Howdy, Stranger!

It looks like you're new here. If you want to get involved, click one of these buttons!


Project idea: Services checker and re-starter
New on LowEndTalk? Please Register and read our Community Rules.

All new Registrations are manually reviewed and approved, so a short delay after registration may occur before your account becomes active.

Project idea: Services checker and re-starter

Go59954Go59954 Member
edited May 2012 in General

Hi,

I've had an issue earlier with one of my VPS where the issue became annoying: service collapsing causing server unresponsiveness. Which is apparently out of shortness in memory, with possibility of overselling at provider's side.

I've opened a thread about that issue. And came somehow to a suggestion that might be useful anyway, which is:

A local script that runs at fixed time interval with a cron job, and it check user's critical services (ie Apache/Nginx, Mysql server, DNS..) , and only send an email notification in the case it finds a service is down (and might be set to an email that forwards messages to an sms). Means: No notifications sent=Things are (supposedly) up and running.

However rds100 have suggested that:

@rds100 said: Local bash script is not the best solution, because it can die too, the same way as other services die. The monitoring must be remote.

That's true since running the script won't succeed at times if no memory is available or for other performance reasons. So a remote monitoring service was suggested.

However once more I've suggested a local script, but that also listens on a port and can be monitored externally with a 3rd party monitoring service that notifies by sms/email just when the script itself is down. As I see in this case the monitoring script needs to run all the time in the background, so probably no need for cron jobs.

So, the idea for now is:

A script runs locally on VPS, stays in the background and monitors user-specified critical services. Once any of it is down for x period of time, an email notification is sent to the user including the service that's down for x sequential number of times. OR, the monitoring script automatically tries to restart the service for x number of times before sending each notification. In the case the service is started successfully then a notification is sent stating the service went down but was successfully started- and no action required by user.

While in the case the monitoring script itself is down, and as the script itself listens on a port, an external 3rd party monitoring is set to monitor it's uptime, so an email notification is sent from the external monitoring service that indicating once the monitoring script/full VPS is down or not responding.

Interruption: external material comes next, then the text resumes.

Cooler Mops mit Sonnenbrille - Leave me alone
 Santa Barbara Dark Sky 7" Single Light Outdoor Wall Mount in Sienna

That's it. I thought I would just throw it for evaluation if it's useful or not. Plus the fact that I don't think I will be trying to do it by myself anytime soon.

Comments

  • AldryicAldryic Member

    You could take a look at @NickM 's OpenStatus. It does service monitoring, and email notification.

  • Go59954Go59954 Member
    edited May 2012

    @Aldryic said: You could take a look at @NickM 's OpenStatus. It does service monitoring, and email notification.

    Yes it can do it more or less, however the difference is this one supposedly runs on the same VPS locally. Also it shall try to start died service before sending each notification.

  • NickMNickM Member

    Using a script to try to restart a service that died can lead to even worse issues, which is why OpenStatus doesn't do it. For example, with MySQL, if you're using replication and it dies and tries to restart? You might end up with inconsistent data on your slaves and you'll have to sort it out. Granted, if you're using MySQL replication, you should know that and disable it, but still...

  • subigosubigo Member
    edited May 2012

    Sign up for http://www.uptimerobot.com and create a custom port check. Done and done.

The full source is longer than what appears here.